Japanese philosopher

Yamaga Sokō (山鹿 素行) was a Japanese military writer and philosopher under the Tokugawa shogunate of Edo period in Japan. As a scholar he applied the Confucian idea of the "superior man" to the samurai class of Japan. This became an important part of the samurai way of life and code of conduct.

==Biography==
Yamaga was born in Aizuwakamatsu the son of a rōnin formerly of Aizu Domain and moved to Edo at the age of six in 1628. He had been studying the Chinese classics from that time, and at the age of nine became a student of Hayashi Razan, a follower of Neo-Confucianism who had developed a practical blending of Shinto and Confucian beliefs and practices which became the foundation for the dominant ideology of the Tokugawa shogunate. At the age of 15, he travelled to Kai Province to study military strategy under Obata Kagenori.

However, at the age of forty he broke away from the official doctrine, rejecting the Cheng–Zhu school promoted by the Hayashi clan and burning all of the books he had written while under its influence. This, along with the publishing of a philosophical work entitled Seikyo Yoroku, caused him to be arrested the following year at the instigation of Hoshina Masayuki, daimyō of Aizu Domain. Yamaga proclaimed his belief that the unadulterated truth could be found only in the ethical teachings of Confucius, and that subsequent developments within the Confucian tradition represented perversions of the original doctrine. Hoshina, however, saw this attack on the prevailing orthodoxy as a potential challenge to Tokugawa authority itself and ordered his exile from Edo. Soon after his expulsion from Edo, Yamaga moved to the Akō Domain in Harima Province in 1653, befriending Asano Nagatomo and becoming an important teacher of Confucianism and military science in the region. Yamaga's influence would later be expressed in the Genroku Akō incident, as its leader, Ōishi Yoshio, had been one of his devoted pupils.

Yamaga wrote a series of works dealing with "the warrior's creed" (bukyō) and "the way of the gentleman" (shidō). In this way he described the lofty mission of the warrior class and its attendant obligations. According to William Scott Wilson in his Ideals of the Samurai, Yamaga "in his theory of Shidō (a less radical theory than bushidō), defined the warrior as an example of Confucian purity to the other classes of society, and as punisher of those who would stray from its path". Wilson wrote that Yamaga thought of the samurai as a "sort of Warrior-Sage" and focused his writings on the perfection of this "transcendent ideal", but "this direction of thinking ... was typical of the scholars of the Edo Period in its tendency toward speculation". He re-emphasized that the peaceful arts, letters, and history were essential to the intellectual discipline of the samurai. Yamaga thus symbolizes the historical transformation of the samurai class from a purely military aristocracy to one of increasing political and intellectual leadership. One of his pupils was Daidōji Yūzan, a samurai from the Daidōji family, who would become the author of an important bushidō text, Budō shoshin shu. He also drew attention to the need to study and adopt Western weapons and tactics, as introduced by the Dutch.

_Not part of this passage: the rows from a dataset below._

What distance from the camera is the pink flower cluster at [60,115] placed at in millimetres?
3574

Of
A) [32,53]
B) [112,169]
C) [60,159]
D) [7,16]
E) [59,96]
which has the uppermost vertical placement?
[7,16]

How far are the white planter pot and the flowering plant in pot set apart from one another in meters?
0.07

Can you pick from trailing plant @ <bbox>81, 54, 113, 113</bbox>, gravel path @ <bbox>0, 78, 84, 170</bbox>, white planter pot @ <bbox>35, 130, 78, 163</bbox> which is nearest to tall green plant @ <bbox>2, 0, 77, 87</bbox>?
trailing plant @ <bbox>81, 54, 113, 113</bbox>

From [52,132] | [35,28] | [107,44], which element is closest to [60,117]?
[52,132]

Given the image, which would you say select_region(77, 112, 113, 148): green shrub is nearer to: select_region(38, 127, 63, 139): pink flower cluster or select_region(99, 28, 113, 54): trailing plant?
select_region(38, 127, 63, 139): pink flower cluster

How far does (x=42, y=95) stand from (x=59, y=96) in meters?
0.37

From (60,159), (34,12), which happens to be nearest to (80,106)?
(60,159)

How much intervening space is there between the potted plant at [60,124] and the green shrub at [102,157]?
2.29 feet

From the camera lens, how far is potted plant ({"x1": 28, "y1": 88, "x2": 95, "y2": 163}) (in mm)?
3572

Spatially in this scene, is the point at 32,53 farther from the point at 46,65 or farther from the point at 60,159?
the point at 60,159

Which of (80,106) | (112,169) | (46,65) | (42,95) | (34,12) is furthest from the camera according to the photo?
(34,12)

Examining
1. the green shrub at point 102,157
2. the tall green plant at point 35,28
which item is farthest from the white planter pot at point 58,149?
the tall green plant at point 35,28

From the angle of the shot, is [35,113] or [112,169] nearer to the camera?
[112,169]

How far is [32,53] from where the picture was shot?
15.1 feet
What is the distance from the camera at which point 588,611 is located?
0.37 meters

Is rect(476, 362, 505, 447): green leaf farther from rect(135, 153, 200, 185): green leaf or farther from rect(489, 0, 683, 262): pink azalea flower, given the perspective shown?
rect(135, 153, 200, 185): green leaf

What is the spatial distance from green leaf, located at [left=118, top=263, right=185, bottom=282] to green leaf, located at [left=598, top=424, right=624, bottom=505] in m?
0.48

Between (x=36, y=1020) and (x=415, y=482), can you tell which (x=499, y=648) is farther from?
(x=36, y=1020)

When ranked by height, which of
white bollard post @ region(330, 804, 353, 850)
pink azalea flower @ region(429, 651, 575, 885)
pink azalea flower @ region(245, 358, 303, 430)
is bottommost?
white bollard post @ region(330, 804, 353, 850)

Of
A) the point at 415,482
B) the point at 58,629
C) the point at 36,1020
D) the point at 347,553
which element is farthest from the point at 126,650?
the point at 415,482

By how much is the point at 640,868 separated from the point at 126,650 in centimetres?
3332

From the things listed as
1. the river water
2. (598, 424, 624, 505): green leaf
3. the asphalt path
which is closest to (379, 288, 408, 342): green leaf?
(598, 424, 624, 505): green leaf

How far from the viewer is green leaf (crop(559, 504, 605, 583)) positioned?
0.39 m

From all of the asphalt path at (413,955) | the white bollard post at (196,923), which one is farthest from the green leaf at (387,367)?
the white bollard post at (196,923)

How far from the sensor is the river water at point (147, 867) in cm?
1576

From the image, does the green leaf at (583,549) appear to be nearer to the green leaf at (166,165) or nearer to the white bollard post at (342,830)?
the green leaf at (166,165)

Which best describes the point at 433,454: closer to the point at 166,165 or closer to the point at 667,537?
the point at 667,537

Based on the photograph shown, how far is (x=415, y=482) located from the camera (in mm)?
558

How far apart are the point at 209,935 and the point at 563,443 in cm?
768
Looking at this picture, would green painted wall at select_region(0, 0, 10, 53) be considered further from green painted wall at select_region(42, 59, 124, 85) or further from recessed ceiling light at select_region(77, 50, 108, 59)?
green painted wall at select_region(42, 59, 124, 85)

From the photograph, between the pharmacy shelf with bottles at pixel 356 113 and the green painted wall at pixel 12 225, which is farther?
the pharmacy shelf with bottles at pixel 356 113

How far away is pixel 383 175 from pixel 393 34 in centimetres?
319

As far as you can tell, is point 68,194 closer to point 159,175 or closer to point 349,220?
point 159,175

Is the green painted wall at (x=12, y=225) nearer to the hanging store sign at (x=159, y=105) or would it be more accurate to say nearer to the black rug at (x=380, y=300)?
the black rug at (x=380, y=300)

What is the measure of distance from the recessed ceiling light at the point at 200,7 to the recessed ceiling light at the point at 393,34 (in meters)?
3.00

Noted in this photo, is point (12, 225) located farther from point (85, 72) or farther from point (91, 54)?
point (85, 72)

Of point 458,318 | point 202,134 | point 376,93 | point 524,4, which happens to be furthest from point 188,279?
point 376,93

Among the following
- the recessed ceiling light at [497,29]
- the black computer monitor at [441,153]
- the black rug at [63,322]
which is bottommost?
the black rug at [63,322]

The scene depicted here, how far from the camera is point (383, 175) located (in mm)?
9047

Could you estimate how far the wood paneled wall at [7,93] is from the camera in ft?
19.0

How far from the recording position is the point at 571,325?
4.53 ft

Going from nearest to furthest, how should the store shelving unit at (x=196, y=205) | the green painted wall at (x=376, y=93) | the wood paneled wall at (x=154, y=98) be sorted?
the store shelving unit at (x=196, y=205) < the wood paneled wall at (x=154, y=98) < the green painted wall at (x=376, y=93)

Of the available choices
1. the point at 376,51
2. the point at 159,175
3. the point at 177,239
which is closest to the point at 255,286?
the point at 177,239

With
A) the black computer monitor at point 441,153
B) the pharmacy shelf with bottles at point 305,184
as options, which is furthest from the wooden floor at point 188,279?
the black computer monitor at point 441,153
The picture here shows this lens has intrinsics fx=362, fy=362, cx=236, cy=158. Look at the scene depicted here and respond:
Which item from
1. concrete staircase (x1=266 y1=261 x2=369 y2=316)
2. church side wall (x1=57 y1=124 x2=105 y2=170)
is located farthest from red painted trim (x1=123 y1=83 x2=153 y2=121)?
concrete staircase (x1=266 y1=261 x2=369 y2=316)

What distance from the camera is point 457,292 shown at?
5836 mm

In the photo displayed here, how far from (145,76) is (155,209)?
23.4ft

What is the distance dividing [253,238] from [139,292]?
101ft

The life of his near contemporary Matsudaira Sadanobu presents a plausible context for more fully understanding and appreciating Yamaga's life. Both believed entirely in the civic and personal values of Confucianism, but both construed those precepts a little differently because of their places in Edo period society. In his own time, this conception of Confucian values was among the factors that led him to draw attention to the need to study and adopt Western weapons and tactics, as introduced by the Dutch.

Yamaga's conception restated and codified the writings of past centuries and pointed to the emperor as the focus of all loyalties. His teachings, therefore, had direct application for everyone in the existing feudal structure, and he was not calling for a change in the status of the emperor.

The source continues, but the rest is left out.